To this end, Chapter 53—and Yamamoto in particular—were prime movers in getting a stretch of the heavily trafficked California State Route 1 running through L.A. County designated as the Los Angeles County Vietnam Veterans Memorial Highway. In 2001 Assemblyman George Nakano (D-Torrance) introduced legislation at the request of Chapter 53 resulting in the erection of signposts to mark the Memorial Highway from Long Beach to Malibu.
“It’s for the Vietnam veterans to have recognition that people would see every day as they drive down that highway,” said Yamamoto, who served as an Army psychology-social work specialist in 1966-68, “especially the millions of people driving down that highway through Los Angeles County.”

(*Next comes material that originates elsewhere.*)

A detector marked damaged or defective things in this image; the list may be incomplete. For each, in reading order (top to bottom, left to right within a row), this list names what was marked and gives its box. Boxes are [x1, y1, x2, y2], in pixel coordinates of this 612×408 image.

Parade Vehicle & Color Guard
Also in the cause of keeping Vietnam vets in public view while attracting new chapter members, Chapter 53 enters a service vehicle in the annual City of Torrance Armed Forces Day Parade, now in its 58th consecutive year.
“Torrance is a very patriotic city,” noted Crecy, who served in Vietnam with the 15th Engineer Battalion in the 9th Infantry Division in 1968. “They’re one of the two or three cities in the United States that has always had an Armed Forces Day Parade.”

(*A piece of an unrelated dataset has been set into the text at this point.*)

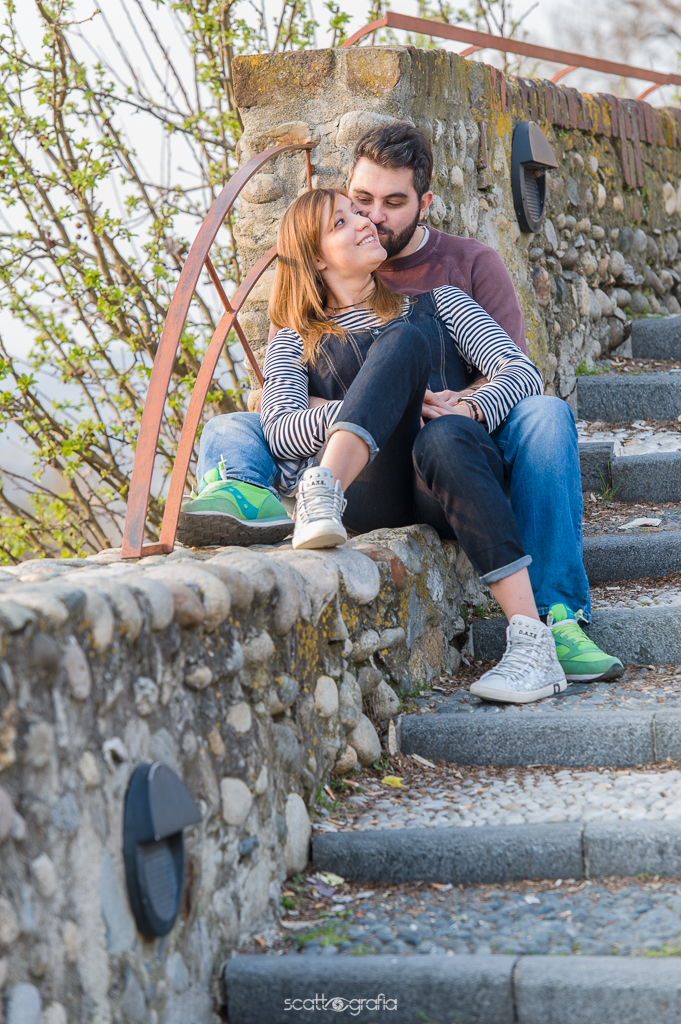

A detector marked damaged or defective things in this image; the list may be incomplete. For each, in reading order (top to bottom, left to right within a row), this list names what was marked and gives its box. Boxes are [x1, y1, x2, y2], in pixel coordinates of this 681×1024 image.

rusty metal railing [342, 12, 680, 100]
rusty metal railing [119, 142, 314, 560]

Chapter 53 usually borrows a decommissioned military vehicle for the parade, which helps draw attention to its message. “It’s a recognition of Vietnam veterans and other war veterans,” Yamamoto said. “It helps stimulate that recognition among our community members, and we have maybe 50,000 people attend the parade.”
Chapter 53 also helps with the Torrance Police Department’s breakfast on the morning of the parade and operates a booth displaying military memorabilia. The chapter’s recently formed color guard, which participates in area military and veterans events, also keeps VVA in the public eye.
“The best we can do is present a positive side of Vietnam veterans,” said Crecy, a member of the color guard. “We’re not large enough or wealthy enough to provide direct programs, but we can reallocate some of our funds into the community.” Chapter 53 donates to Packages for Patriots, American Gold Star Mothers, the National Veterans Foundation, the Gary Sinise Foundation, USO, Operation Gratitude, the Fisher House Foundation, and area high school ROTC battalions.
Chapter 53 also hums with many less visible endeavors, notably advocacy to initiate or influence legislation at many levels of government. Yamamoto has had a long and very active advocacy relationship with Ted Lieu, a Democratic member of the U.S. House of Representatives from California’s 33rd Congressional District.
“He had supported our chapter and local veterans as a member of the City Council for Torrance,” Yamamoto said. “He is supporting not only our chapter, but our state council. In 2008, for the twentieth anniversary celebration at the California Vietnam Veterans Memorial in Sacramento, we were able to get him to sponsor that bill.” In March Rep. Lieu was nominated by Chapter 53 for Honorary Life Membership.
Crecy pushed for the return of the National Defense Service Medal, which originally had been introduced under President Eisenhower as a “blanket campaign medal. It came to my attention in 1999 that our military was not receiving this medal,” he said, upset at the memory of service members killed in training accidents before even arriving in combat zones. “So the thought was, ‘Hey, at least have something for their family.’ ”
Crecy was able, with the assistance of then-Rep. Jane Harman (D-Calif.), to have legislation passed to reinstate the awarding of that medal. “We’re now getting involved with local municipalities to where we have members on several local commissions,” Yamamoto said. “It’s crucial that we keep that contact with them, and if they have veterans in their city councils, sign ’em up as members.
“Advocacy is huge,” he concluded. “I have contacted about six local House members in the Los Angeles area to help me with support on bills that we want passed in Congress.”